By Matt Cover
(CNSNews.com) – A poll from Quinnipiac University finds that Americans are not buying the efforts to blame the shooting of an Arizona congresswoman, Rep. Gabrielle Giffords (D-Ariz.), on political metaphors or gun control laws.
“Americans seem to be rejecting the blame game for the Arizona shooting. By far, the largest number thinks this tragedy could not have been prevented,” Peter A. Brown, assistant director of the Quinnipiac University Polling Institute, said of the poll, which was released Jan. 14.
The poll found the 40 percent of Americans thought that the Arizona shooting could not have been prevented. Another 23 percent blamed the “mental health system” for the crime.
Only a small fraction of respondents blamed either hyperbolic political rhetoric or gun control laws, with 15 percent blaming rhetoric and 9 percent blaming gun control laws.
Unsurprisingly, self-identified liberals comprised the largest portion of those blaming political hyperbole for the attack – with 21 percent saying rhetoric was to blame.
However, despite the fact that very few Americans actually thought political rhetoric was to blame for the shooting, a slim majority agreed with the idea that violent rhetoric could inspire mentally unstable people to commit violence.
Fifty-two (52) percent of respondents said they agreed that “heated” political rhetoric could drive unstable people to become violent, while 41percent disagreed. This result was overwhelmingly driven by the 71 percent of liberals who said that political rhetoric could cause violence.

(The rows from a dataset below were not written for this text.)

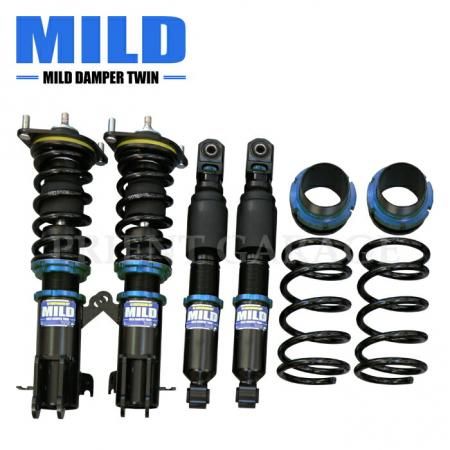 MILD TWIN】 車高調キット SUZUKI DA17V/DA17W エブリィ/エブリィ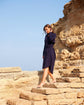 702 COTONER Relaxed shirt dress in organic cotton muslin CECILIA SÖRENSEN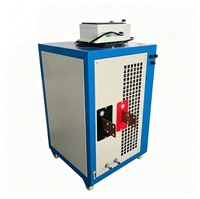 Redresseur d'électrodéposition 2000A 24V avec écran tactile HMI, machine de zincage, équipement d'électrodéposition, machine d'anodisation sur mesure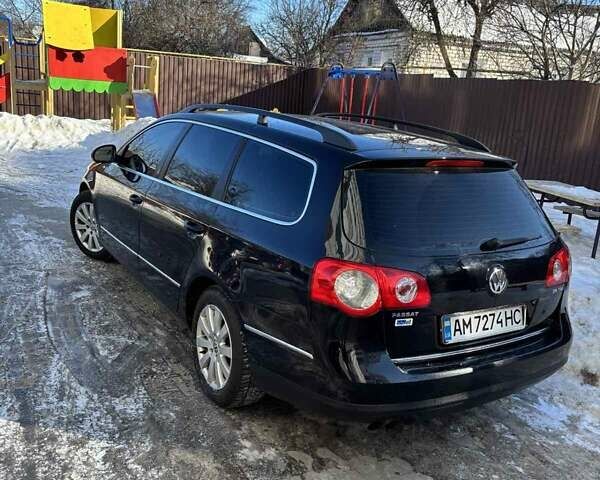 Черный Фольксваген Пассат, объемом двигателя 1.97 л и пробегом 350 тыс. км за 6300 $, фото 1 на Automoto.ua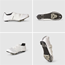 Skoöverdrag GripGrab Faststream Aero Dial Covers White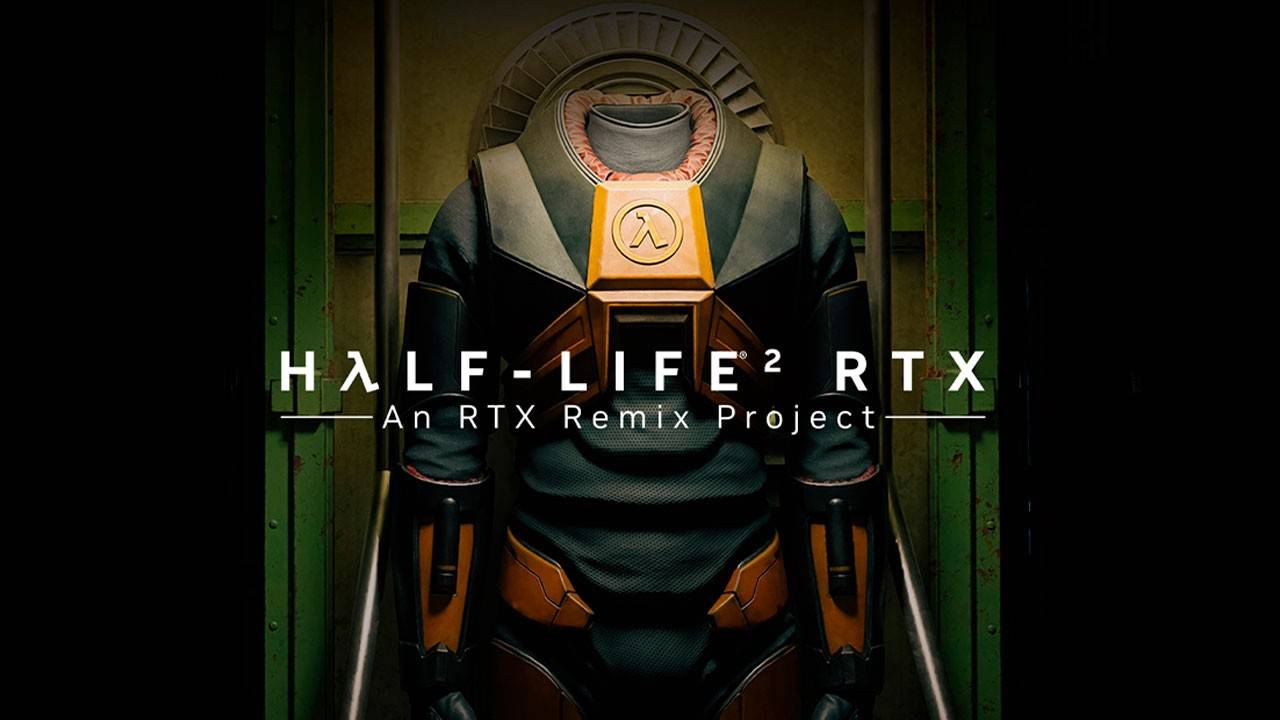 Data de lançamento anunciada para a demonstração da Half-Life 2 RTX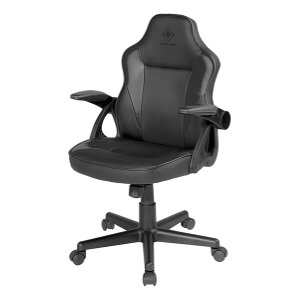 DELTACO GAM-130 GAMING ΚΑΡΕΚΛΑ ΔΕΡΜΑΤΙΝΗΣ JUNIOR BLACK DC120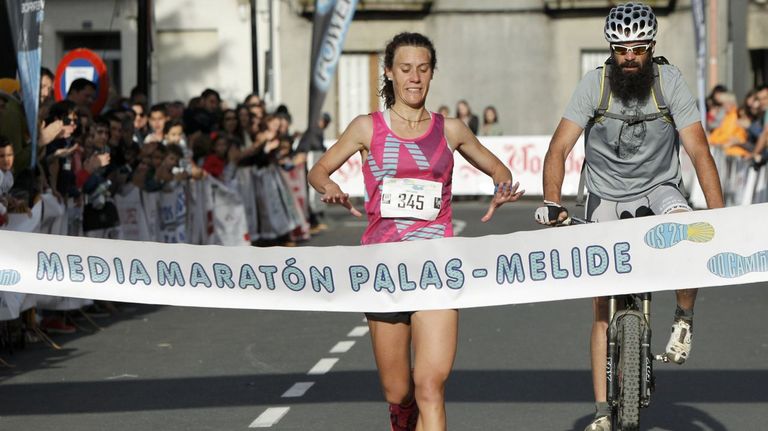 La media maratón Os 21 do Camiño mantiene la fórmula del éxito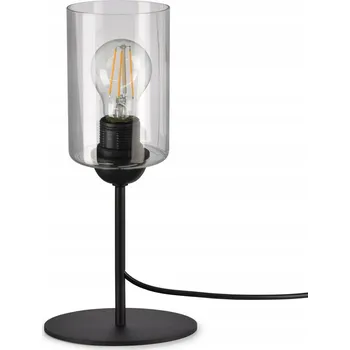 Lampička Skleněná Noční Lampa Stolní Dekorativní LED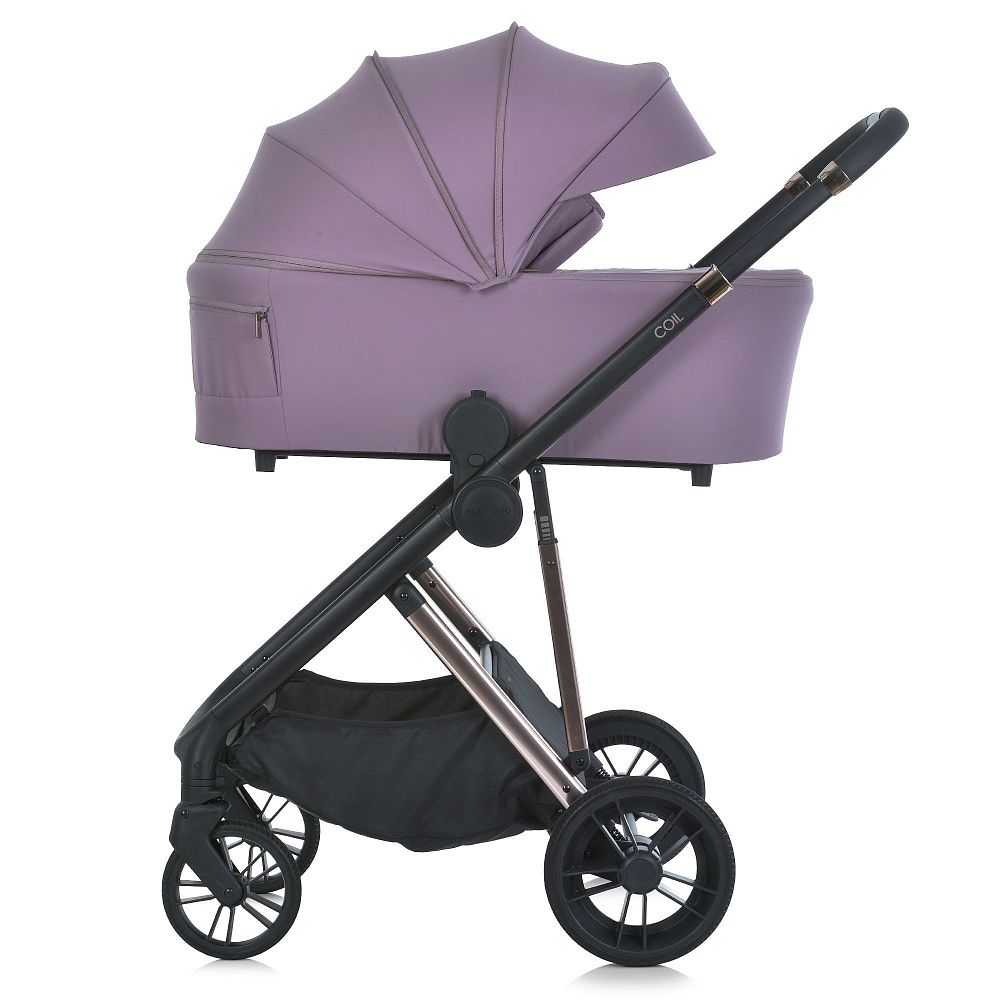 Коляска універсальна 2в1 ME 1190 COIL Grape Pink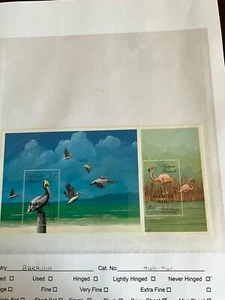 Estampillas Barbuda Scott #960-1 nunca articuladas - Imagen 1 de 1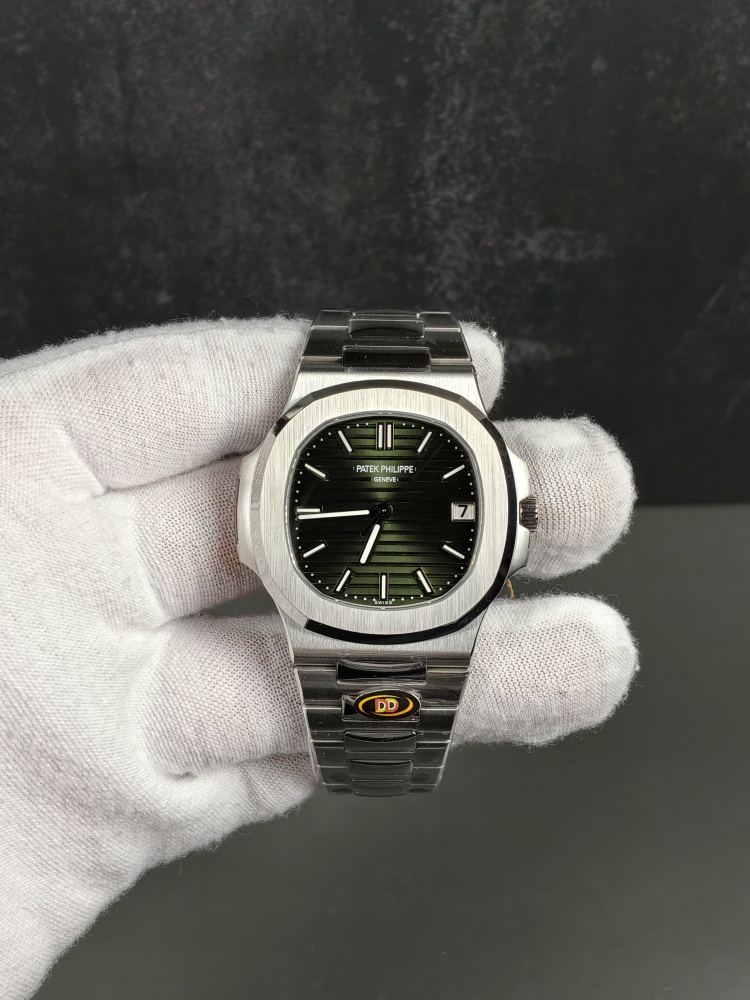 DDF Nautilus 5711 Green Dial | 40mm | 330 Super Clone Automatic Movement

The opinions of moderates and conservatives were more evenly split, with 51 percent of moderates agreeing and only 43 percent of conservatives saying rhetoric could cause violence.
Interestingly, when asked which side they thought was more responsible for overheated political language, a slim plurality of Americans said that liberals were more likely to use overblown speech.
Thirty-six (36) percent of respondents blamed liberals for overheated political rhetoric, with 32 percent blaming conservatives and another 32 percent saying they didn’t know.
Predictably, most of those blaming liberals were conservatives – 57 percent – while most of those blaming conservatives were liberals – 71 percent. Moderates were fairly evenly split, with 36 percent blaming conservatives, 31 percent blaming liberals, and 33 percent saying they didn’t know.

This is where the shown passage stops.